Having waited a while longer for the disc to arrive and watched the city drift on, Serib asked, chasing her words:

“Haven is always moving? Even away from us as we wait here. Fleeing… following the sunlight?”

Gadail waited for young Serib to answer herself:

“Suspicious and mistrusting - the angels with good reason, given their history of invasions.”

Her master smiled. “Almost. Fearful, I would say.” He added. “Clinging to what is already lost. Would you know anything about that? Your fingers cramping onto Spring when you know Summer is around all corners. Though why do these angels fear the dark particularly…”

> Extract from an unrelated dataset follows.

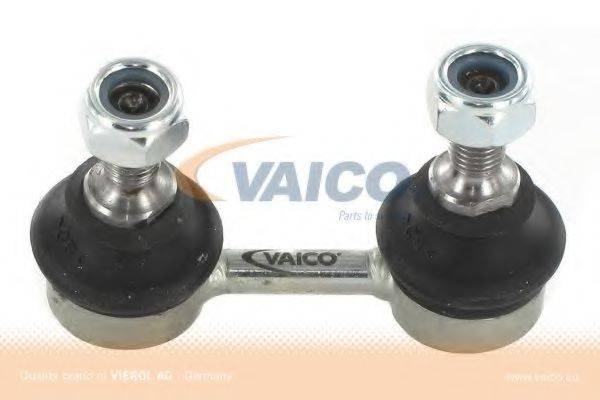 VAICO V379519 Тяга/стійка, стабілізатор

Serib smiled sadly with him, looking at his old face. His strong though crooked stance that had once been even stronger. He assured her or tried:

“Lose yourself not in my aging but in your youth, and more than paradise you will regain.”

The metal disc was enormous as it arrived, comprised of two halves. Serib concentrated on this, gritting her jaw tightly so as to keep strange tears away. The disc’s underside kept it spinning in obscure flight and the top half remained steady. The size suggested to Serib it was for welcoming either far larger groups of souls into the city, or souls of much greater size. Souls that could not fly their way to the angelic city that were otherwise welcomed or summoned. There were pillars jutting from it, from which broken chains hung swinging, rattling now as the disc spun towards stillness-almost, and she thought of what the guards had been muttering.

‘The prisoner…’

The pillars were interesting to her - their peaks incomplete or cut off - as though a roof could have sat there once, and too there once were more pillars than still were standing, more akin to the bars of a cell:

“Did you take The Prisoner using this?” she asked one of the angels, not at all knowing who or what the prisoner was as the guards spoke with Gadail, escorting master and apprentice aboard bidding:

“Master Gada’il. Master Serib’il.”

Leaving the disc behind the armoured angels flew off with great speed towards the distant city, themselves shining against the sunlight. Militant with spear, shield and plated wing. Serib thought they looked too heavy to fly, and she could not imagine the strength their wings must rest:

“They think I’m a master?”

Gadail encouraged her, finding a free space upon the disc among its debris that will soon be detailed. His clay-plated legs, inflexible, scraped on the stone.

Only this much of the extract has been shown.